In my last years of school a friend of the family, a young man called Carl Kantari, would take me to foreign films. He was a warm, enthusiastic man with jet black hair, maybe a beard, and he seemed full of life. As we drove on Sunday afternoons or Tuesday nights to the Astor in St Kilda, or the Valhalla in Richmond or the Melbourne University cinema, Carl would talk about why the film we were about to see – Kurosawa’s Yojimbo, something Italian, or five whole hours of the life of Maxim Gorky — was so great. I would share his excitement but in the films I often fell asleep, which, wanting to please him, I hoped he wouldn’t notice. So I remember only images – the great Japanese actor Toshiro Mifune’s eyes burning and topknot flying as he whips out his curved sword, a woman in a kimono picking petals from a stream, unfathomable cold and shouting inside a grim wooden house in Tsarist Russia. Yet these images stayed with me, evidence of lives that were larger, more brutal but also more brilliant, than the life I knew in late ‘70s Melbourne, lives that in my adolescent imagining were not lost forever in time but existed still, beyond these shores, waiting for me, when my school days ended and my own life began.
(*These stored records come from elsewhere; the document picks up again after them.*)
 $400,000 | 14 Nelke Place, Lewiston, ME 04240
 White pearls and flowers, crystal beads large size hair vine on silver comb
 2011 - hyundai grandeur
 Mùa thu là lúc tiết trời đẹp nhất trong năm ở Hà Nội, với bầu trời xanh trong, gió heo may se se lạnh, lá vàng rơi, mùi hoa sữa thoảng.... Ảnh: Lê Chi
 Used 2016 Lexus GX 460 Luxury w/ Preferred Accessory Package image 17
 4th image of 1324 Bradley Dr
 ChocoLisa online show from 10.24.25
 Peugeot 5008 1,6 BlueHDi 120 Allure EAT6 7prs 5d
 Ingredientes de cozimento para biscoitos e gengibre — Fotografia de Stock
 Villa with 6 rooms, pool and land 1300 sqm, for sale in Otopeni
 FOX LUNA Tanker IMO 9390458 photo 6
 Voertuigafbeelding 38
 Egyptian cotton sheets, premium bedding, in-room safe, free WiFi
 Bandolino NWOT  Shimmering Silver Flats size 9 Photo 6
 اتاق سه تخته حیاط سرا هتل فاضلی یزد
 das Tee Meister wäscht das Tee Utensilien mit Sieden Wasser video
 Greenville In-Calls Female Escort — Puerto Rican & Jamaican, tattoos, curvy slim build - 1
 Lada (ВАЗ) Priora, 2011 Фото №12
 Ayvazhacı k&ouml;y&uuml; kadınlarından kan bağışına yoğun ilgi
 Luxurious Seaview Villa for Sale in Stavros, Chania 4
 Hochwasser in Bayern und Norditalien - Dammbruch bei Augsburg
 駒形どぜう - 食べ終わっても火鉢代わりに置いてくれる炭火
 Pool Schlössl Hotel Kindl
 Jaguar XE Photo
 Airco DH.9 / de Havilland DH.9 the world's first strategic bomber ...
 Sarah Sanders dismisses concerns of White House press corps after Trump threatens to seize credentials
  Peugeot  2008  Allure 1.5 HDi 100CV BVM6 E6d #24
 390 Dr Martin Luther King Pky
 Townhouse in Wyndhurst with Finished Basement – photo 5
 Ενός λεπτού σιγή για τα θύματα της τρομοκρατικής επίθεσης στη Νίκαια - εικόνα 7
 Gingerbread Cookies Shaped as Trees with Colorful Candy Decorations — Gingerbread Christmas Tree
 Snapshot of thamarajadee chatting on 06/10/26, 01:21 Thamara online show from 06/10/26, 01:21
I also remember Carl’s sense of these films as art, monuments of our culture no less than the Dutch Masters or Bach or James Joyce, and his generous desire to impart this sense to me.
Cinema isn’t like this now. People still make good films but in the time of TV and YouTube and all the other competitors to cinema the idea of the director as a great artist, shaping the world, has passed. Maybe I’ll regain a feeling for that time if, through Amazon or another online provider, I get to watch the movies of Satyajit Ray.
V.S. Naipul’s book on India, A Million Mutinies Now, mentions the Bengali film maker Satyajit Ray, and made me want to see his films. I imagined I could buy them on Amazon and get to know this director from the great age of cinema. His films will be in black and white, and express not only in their landscapes, clothes, food and stories but in their very rhythm and speed, some intangible sense of an alien culture.